Neulich fragte ich einen Kollegen, was er denn auf den vielen Monitoren sehe. Er sehe, dass er überall hinfahren könne, war seine Antwort. Aber das wusste er doch schon vorher, oder? Er schaute mich "ungläubig" an, weswegen ich schnell weiter ging zum Schwarzen Brett nebenan, so wie jetzt (Foto). Und das hat sich ohne Frage gelohnt, das muss ich schon sagen. Da ist wirklich ein Fahrer samt Taxi verschwunden. In Berlin - einfach so!

Dann werde ich bei der Rückfahrt mal die Augen offenhalten ...

Foto&Text TaxiBerlin

23.04.2015

DAS TREFFEN


Marienburger Straße / früher Prenzlauer Berg / heute Pankow

Er war noch etwas verwirrt, als er mir neulich ins Taxi stieg. Das lag daran, ließ er mich sogleich wissen, dass er seinen Freund wiedergesehen habe, der viele Jahre lang keinen Kontakt zu ihm hatte. Genau genommen war der andere nicht nur irgendein Freund, sondern war sein bester Freund gewesen, aber das ist lange her.

Er könne gar nicht genau sagen, was passiert sei. Eigentlich wollte er den Freund heute fragen, was er sich dann aber nicht getraut habe, weil er Angst hatte, gleich wieder alles kaputt zu machen. Es wäre natürlich das Normalste von der Welt gewesen, den Freund von früher direkt darauf anzusprechen, das wisse er auch.

Er habe das auch schon mal versucht, vor ein paar Jahren, am Telefon - allerdings ohne Erfolg. Einmal stand er sogar vor der Tür des Freundes, um mit ihm zu reden. Der hat ihm aber nicht aufgemacht, obwohl er zu hause war. Jetzt ist der Freund zu ihm gekommen, genauer gesagt: er hat jemanden geschickt, um fragen zu lassen, ob man sich mal wieder sehen könne.

Er solle die alten Zeiten ruhen lassen, hat der Freund heute zu ihm gesagt. Dabei war es nicht so, dass die ganze Geschichte nichts mit ihm zu tun haben würde. Das wusste er von anderen, bei denen sich der Freund all die Jahre über ihn ausgelassen habe. Genaues wusste er aber nicht. Da müsse er den Freund fragen, meinten die anderen. Wie das halt immer so ist ...

Er war, wie gesagt, hin und her gerissen. Auch deswegen wollte er wohl von mir wissen, wie ich die Sache sehen würde. Was sollte ich ihm sagen? Dass es, wie so oft im Leben, kein Richtig und kein Falsch gibt? War es das, was er hören wollte? Und falls nicht, was sollte ich ihm dann sagen? Meine ehrliche Meinung? Oder was ich dafür hielt?
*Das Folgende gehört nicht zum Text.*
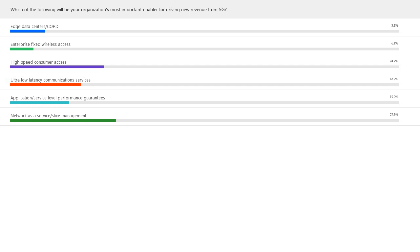Okay, we have the poll results. Thanks to everybody who voted. The top two are high-speed consumer access at 24%, and the leader is network as a service slash slice management at 27%. I'm a little surprised that network as a service slice management came out so high — pleasantly surprised. What are your thoughts on this result, Richard? Personally, I think that's great. I'm going to interpret that in a battle-hardened way. It seems to me that the service providers in our audience want to go head-to-head, and I think that's fantastic. I'm issuing a rallying cry to our industry — I want the service providers to really go after this.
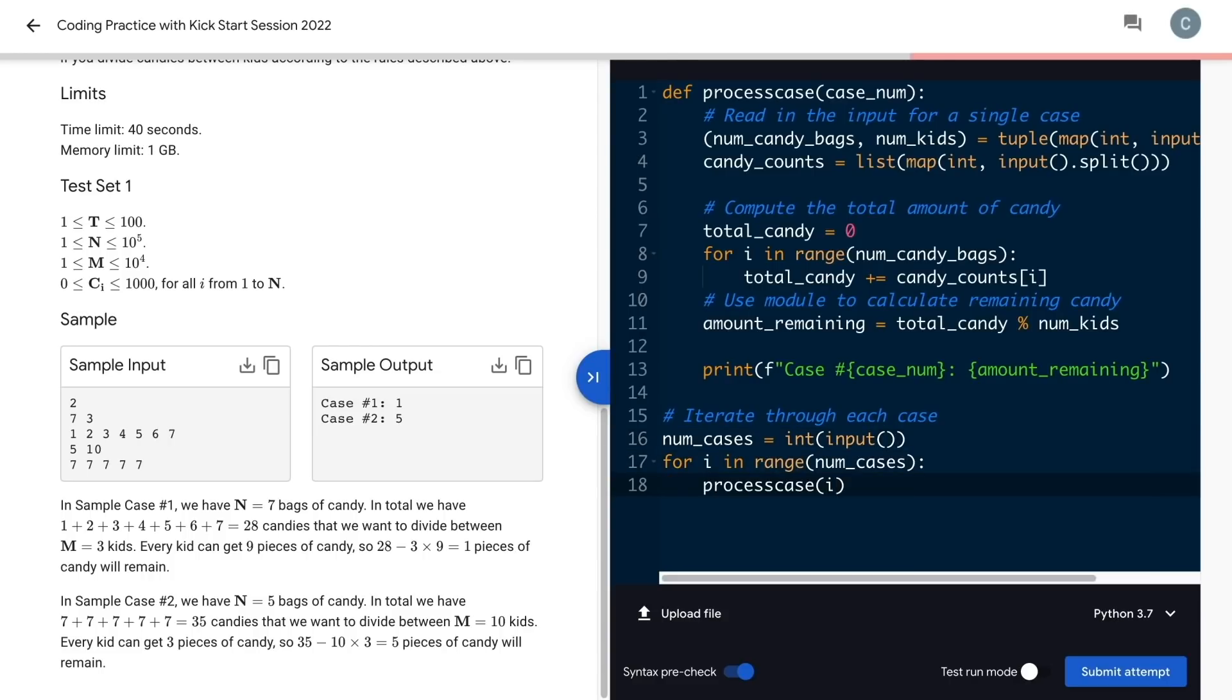One gotcha here. Our outputs start with case number one, but our loop starts with zero. So I add one to the case num to make sure it gets printed out correctly.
Er solle mal in Ruhe überlegen, wie wichtig ihm die Freundschaft unter den gegebenen Umständen sei. Immerhin habe sich der Freund gegenüber den anderen über ihn ausgelassen, vor denen er jetzt, wenn ich die Sache richtig verstanden habe, als Depp dastehe. Alleine deswegen würde ich den Freund darauf ansprechen.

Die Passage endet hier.